*** Block opens ***

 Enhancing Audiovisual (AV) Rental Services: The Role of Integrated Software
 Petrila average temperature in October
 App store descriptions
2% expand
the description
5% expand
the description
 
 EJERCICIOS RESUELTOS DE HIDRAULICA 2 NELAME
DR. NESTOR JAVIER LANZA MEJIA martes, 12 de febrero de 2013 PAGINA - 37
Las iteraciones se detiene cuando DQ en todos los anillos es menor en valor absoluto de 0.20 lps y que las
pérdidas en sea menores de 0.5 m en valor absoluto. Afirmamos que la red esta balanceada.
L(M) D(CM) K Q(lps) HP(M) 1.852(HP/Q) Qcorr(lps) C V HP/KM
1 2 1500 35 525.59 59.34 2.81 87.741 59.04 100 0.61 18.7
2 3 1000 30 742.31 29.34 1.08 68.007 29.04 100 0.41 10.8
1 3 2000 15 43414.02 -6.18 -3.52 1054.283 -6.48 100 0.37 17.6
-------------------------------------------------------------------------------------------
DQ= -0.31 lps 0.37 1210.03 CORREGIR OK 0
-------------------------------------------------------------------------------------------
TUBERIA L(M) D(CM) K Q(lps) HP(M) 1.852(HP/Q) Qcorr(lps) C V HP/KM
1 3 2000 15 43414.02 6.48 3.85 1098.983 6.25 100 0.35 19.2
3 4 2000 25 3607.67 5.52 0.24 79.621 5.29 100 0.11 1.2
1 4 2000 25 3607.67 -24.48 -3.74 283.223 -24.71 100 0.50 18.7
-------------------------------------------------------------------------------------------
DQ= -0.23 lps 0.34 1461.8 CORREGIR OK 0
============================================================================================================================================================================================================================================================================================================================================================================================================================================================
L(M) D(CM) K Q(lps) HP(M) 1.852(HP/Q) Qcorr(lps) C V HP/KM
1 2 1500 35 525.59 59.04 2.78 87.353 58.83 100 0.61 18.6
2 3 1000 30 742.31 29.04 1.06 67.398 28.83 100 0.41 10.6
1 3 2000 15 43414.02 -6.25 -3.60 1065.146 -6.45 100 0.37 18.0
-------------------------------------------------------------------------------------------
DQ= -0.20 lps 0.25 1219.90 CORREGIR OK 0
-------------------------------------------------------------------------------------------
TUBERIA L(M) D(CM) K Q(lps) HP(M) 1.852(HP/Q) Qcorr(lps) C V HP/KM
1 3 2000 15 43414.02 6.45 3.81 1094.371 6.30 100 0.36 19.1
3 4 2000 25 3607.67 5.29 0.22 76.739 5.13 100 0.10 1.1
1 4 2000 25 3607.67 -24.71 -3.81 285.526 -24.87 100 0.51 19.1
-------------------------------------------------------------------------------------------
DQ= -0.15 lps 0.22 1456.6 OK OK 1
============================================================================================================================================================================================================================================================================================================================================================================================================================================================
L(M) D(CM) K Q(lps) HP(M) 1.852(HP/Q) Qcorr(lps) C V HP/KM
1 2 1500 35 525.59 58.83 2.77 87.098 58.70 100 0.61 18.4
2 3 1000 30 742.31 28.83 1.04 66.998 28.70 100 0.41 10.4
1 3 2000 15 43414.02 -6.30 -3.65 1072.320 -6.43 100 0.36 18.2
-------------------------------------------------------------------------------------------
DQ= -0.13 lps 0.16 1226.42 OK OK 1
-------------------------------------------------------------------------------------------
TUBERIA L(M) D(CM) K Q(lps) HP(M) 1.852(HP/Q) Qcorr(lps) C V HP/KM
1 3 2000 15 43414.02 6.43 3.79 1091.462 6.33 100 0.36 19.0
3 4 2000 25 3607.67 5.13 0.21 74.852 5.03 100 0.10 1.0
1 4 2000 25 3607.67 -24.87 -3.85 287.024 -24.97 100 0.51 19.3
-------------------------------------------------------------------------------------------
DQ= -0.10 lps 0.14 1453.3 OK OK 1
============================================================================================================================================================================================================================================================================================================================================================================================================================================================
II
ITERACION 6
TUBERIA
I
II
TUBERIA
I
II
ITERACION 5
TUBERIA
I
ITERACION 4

*** Block closes ***

ASSIGNMENT:
Select and copy every line of the material that holds the string "valor".

SOLVED EXERCISE:
Las iteraciones se detiene cuando DQ en todos los anillos es menor en valor absoluto de 0.20 lps y que las
pérdidas en sea menores de 0.5 m en valor absoluto. Afirmamos que la red esta balanceada.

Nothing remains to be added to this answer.